WHAT YOU ARE ASKED TO DO: Beneath this task are the entries; from the line with "vidaXL Palettenkissen 80" through the last one, transcribe every line exactly and nothing else, skipping pictures.

===== GIVEN RECORDS =====

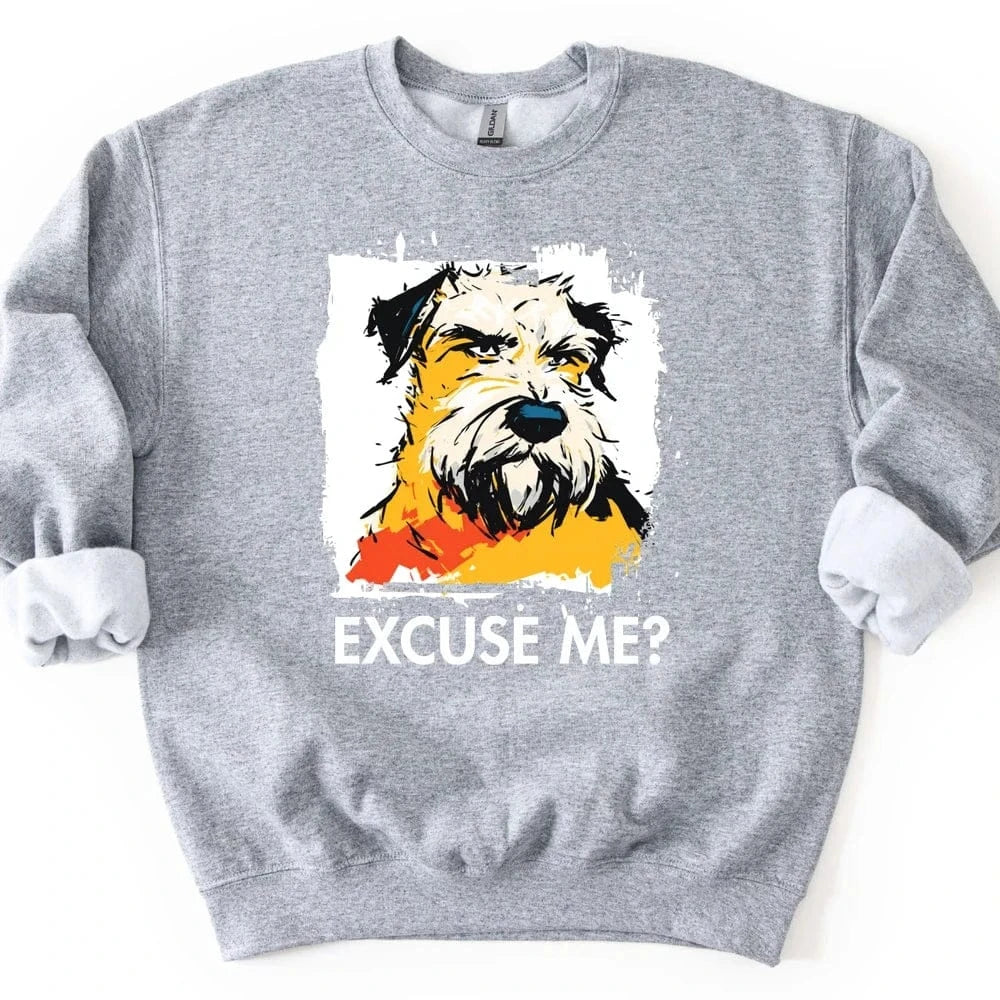 Soft Coated Wheaten - Excuse Me Dog Sweater - Sport Grey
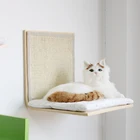 Wall mounted L shape cat shelf/wholesale cat bed furniture wood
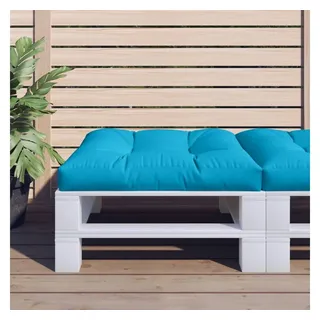 vidaXL Palettenkissen 80 x 80 x 12 cm blau 1 St.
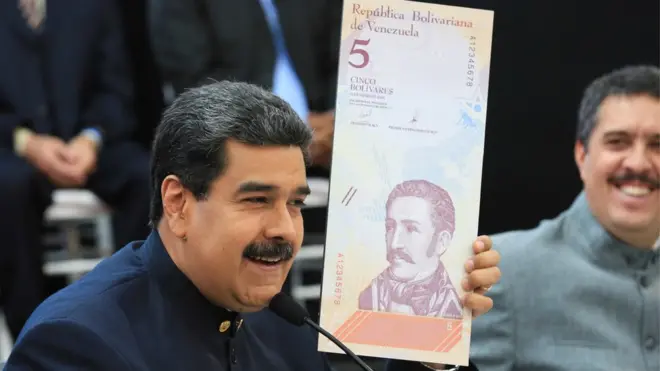 El gobierno de Venezuela retira de los billetes los tres ceros que sumó hace 15 meses.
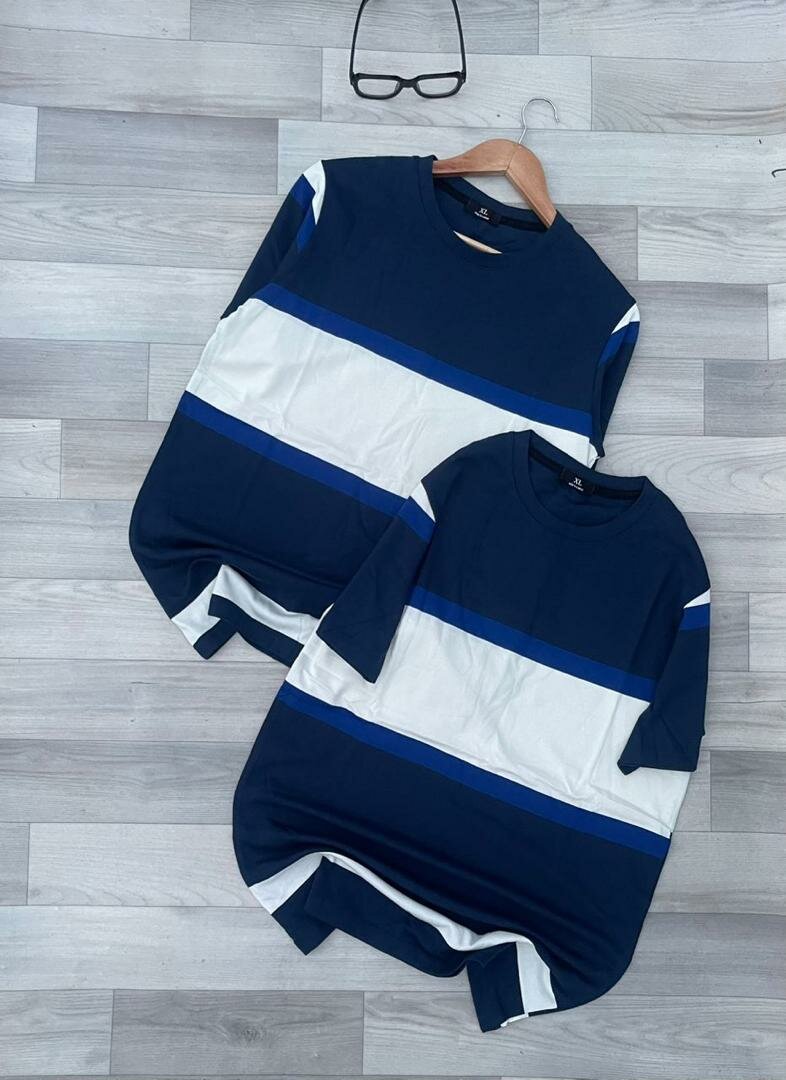 T-shirts assortis rayés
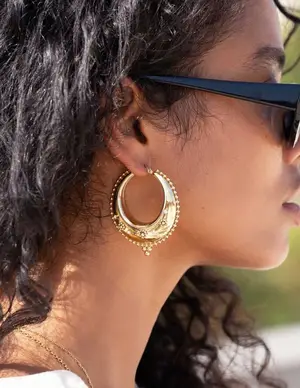 My Jewellery Earring hoops with beads MJ08342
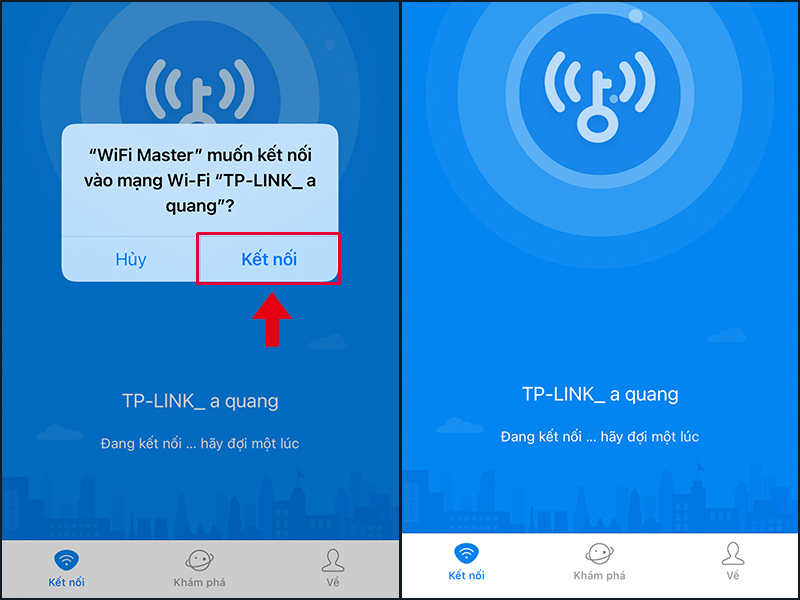 Bạn hãy xác nhận đồng ý kết nối WiFi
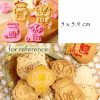 2 Sets Lion Dancing/Lucky Bag Shape Cookie Cutters Biscuits Mold DIY Cake Sugarcraft Pastry Bakeware Decoration - Default
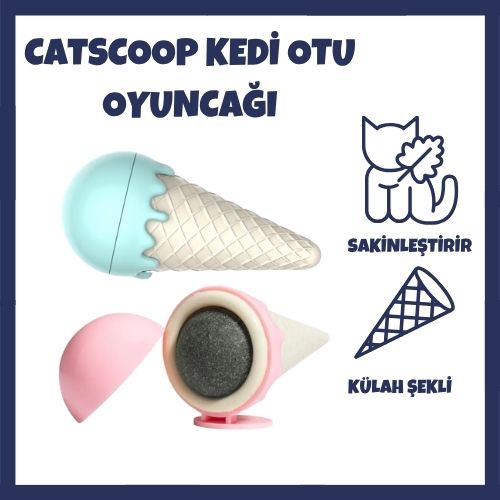 CatScoop Dondurma Şekilli Kedi Otu Topu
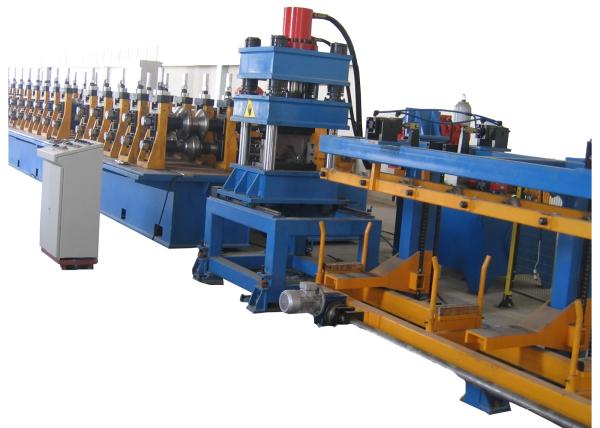 Highway Guard Rails Roller Forming Machine For Guardrails And Protective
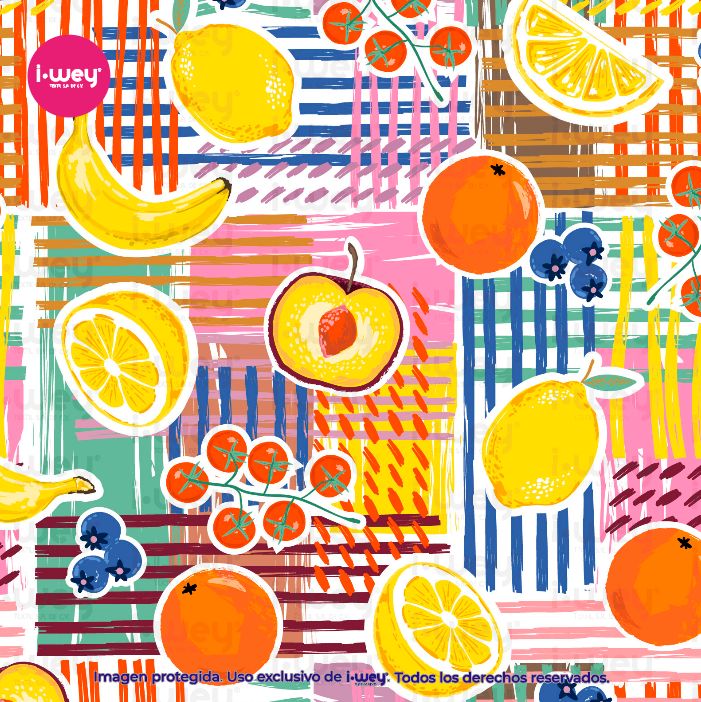 Estampado Puffy Fruits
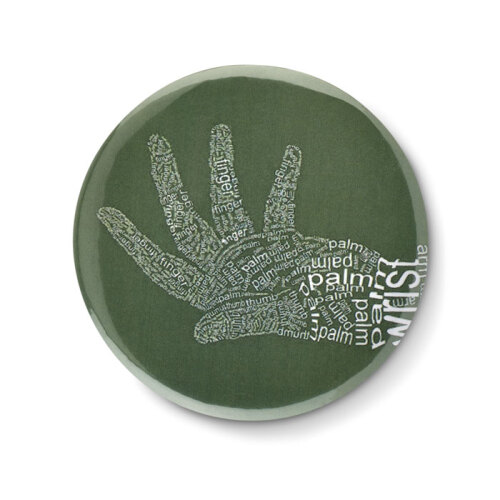 Lusterko button srebrny mat MO9335-16 (3)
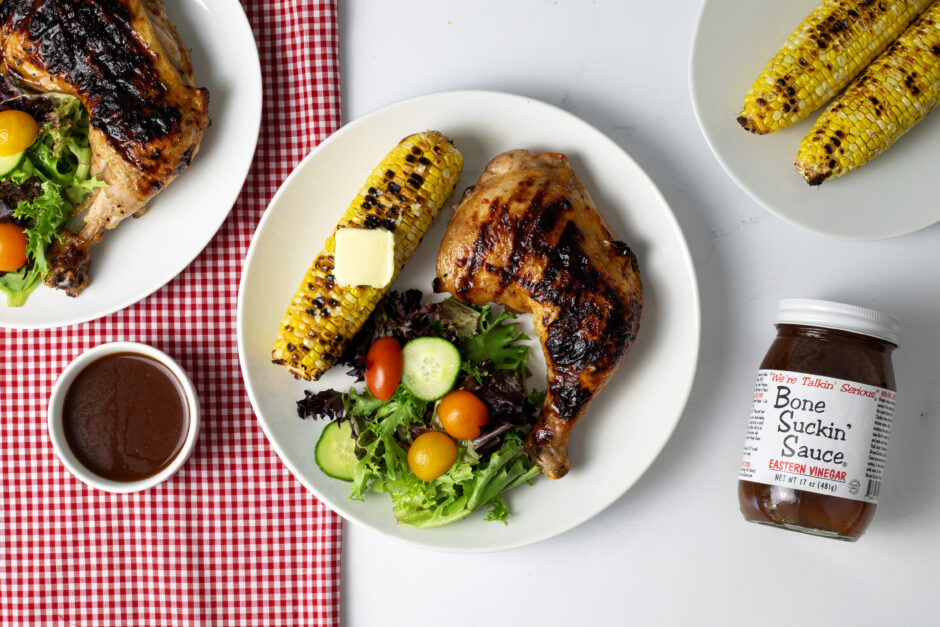 Bone Suckin' Eastern Vinegar Chicken Quarters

=====

TASK RESPONSE:
 vidaXL Palettenkissen 80 x 80 x 12 cm blau 1 St.
 El gobierno de Venezuela retira de los billetes los tres ceros que sumó hace 15 meses.
 T-shirts assortis rayés
 My Jewellery Earring hoops with beads MJ08342
 Bạn hãy xác nhận đồng ý kết nối WiFi
 2 Sets Lion Dancing/Lucky Bag Shape Cookie Cutters Biscuits Mold DIY Cake Sugarcraft Pastry Bakeware Decoration - Default
 CatScoop Dondurma Şekilli Kedi Otu Topu
 Highway Guard Rails Roller Forming Machine For Guardrails And Protective
 Estampado Puffy Fruits
 Lusterko button srebrny mat MO9335-16 (3)
 Bone Suckin' Eastern Vinegar Chicken Quarters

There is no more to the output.